• _Problem_
Copying exactly, give the lines in the material below from the one with "Mercedes Benz E-Class E220d 4MATIC AMG Line" to the one with "Hotel Tres Anclas - image 2", ends included, and nothing besides.
=== Data section ===
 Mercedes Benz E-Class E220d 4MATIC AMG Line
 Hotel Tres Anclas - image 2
===
=== Data section ===
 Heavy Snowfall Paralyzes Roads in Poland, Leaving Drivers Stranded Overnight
===
=== Data section ===
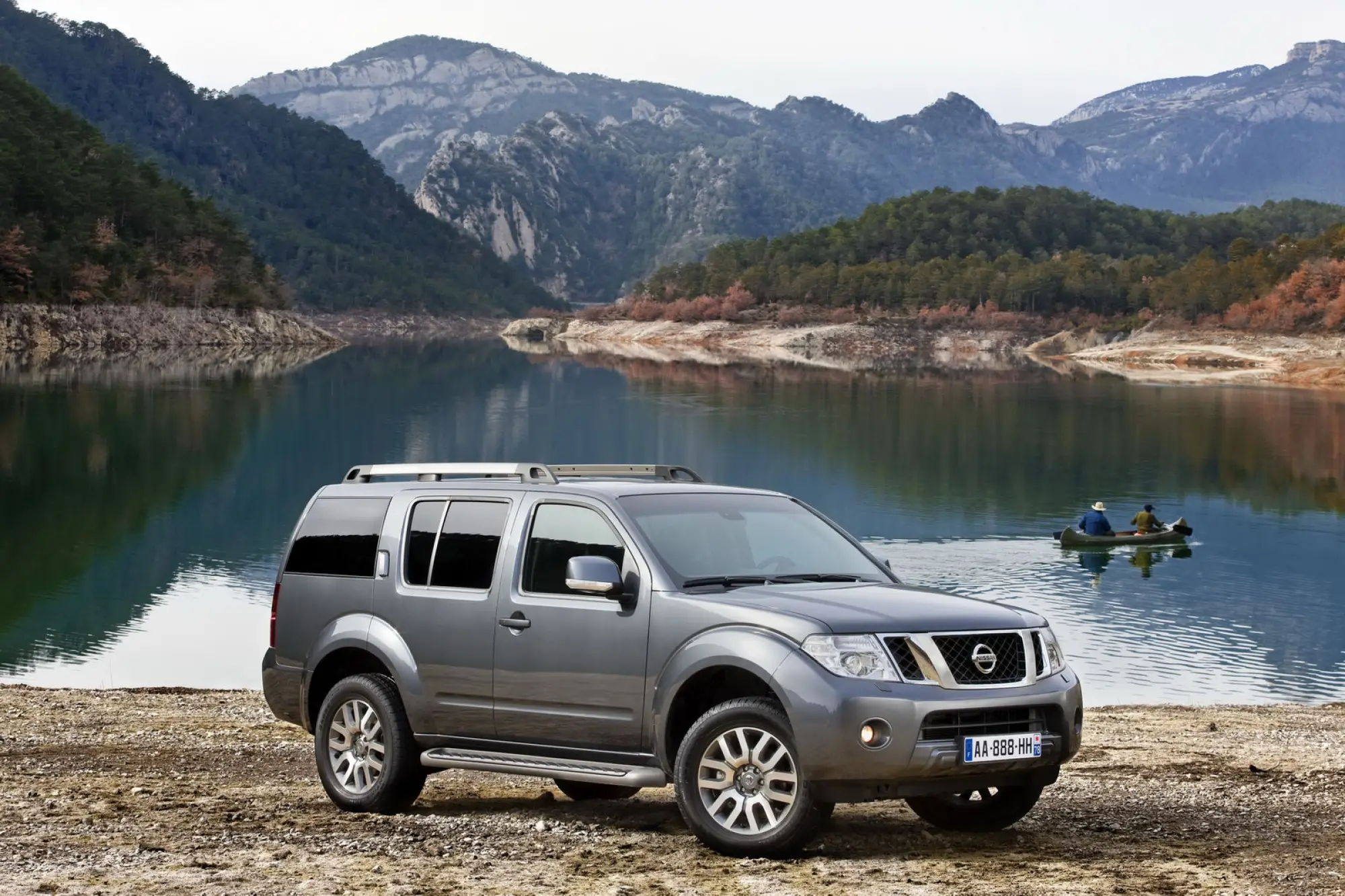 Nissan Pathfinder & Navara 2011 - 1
===
• _Answer space_
 Mercedes Benz E-Class E220d 4MATIC AMG Line
 Hotel Tres Anclas - image 2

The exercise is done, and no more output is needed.